- [REQUIREMENT] Only one stretch of the data below is needed: the line with "Chopin Piano Polonaise" through the last line. Output it exactly and drop the pictures.

- [DATA RECORDS]
—————

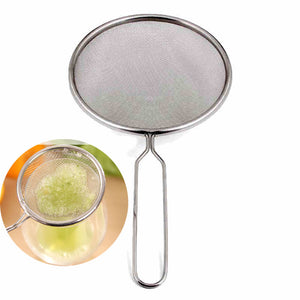 Stainless Steel Fruit Juicer Filter Screen Colander Strainer Soybean Milk Oil Removal Filter Net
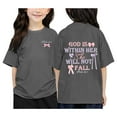 thumbnail image 2 of Chemises pour Filles Col Rond Imprimé T-Shirt à Manches Courtes pour Filles Chemises d'Été pour Filles Vêtements pour Enfants Filles 10-11 Ans Mode Filles, 2 of 5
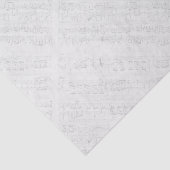 Chopin Piano Polonaise Manuscript Tissuepapier (Detail)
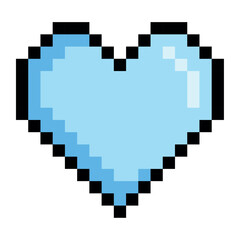 Obraz premium Pixel Heart Life Bar 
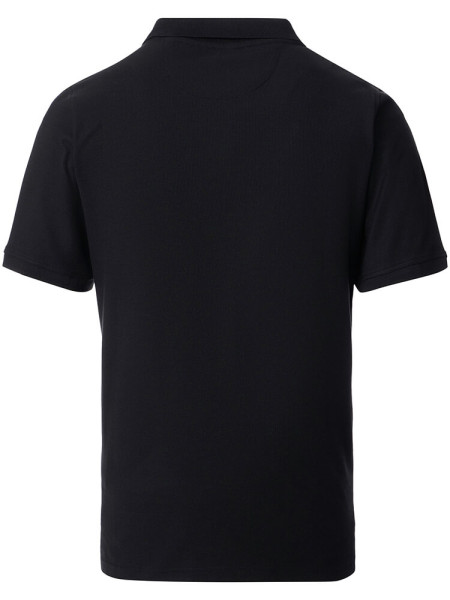 REDMOND Polo Noir Piqué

—————

- [SOLUTION TO THIS EXERCISE]
 Chopin Piano Polonaise Manuscript Tissuepapier (Detail)
 Obraz premium Pixel Heart Life Bar 
 REDMOND Polo Noir Piqué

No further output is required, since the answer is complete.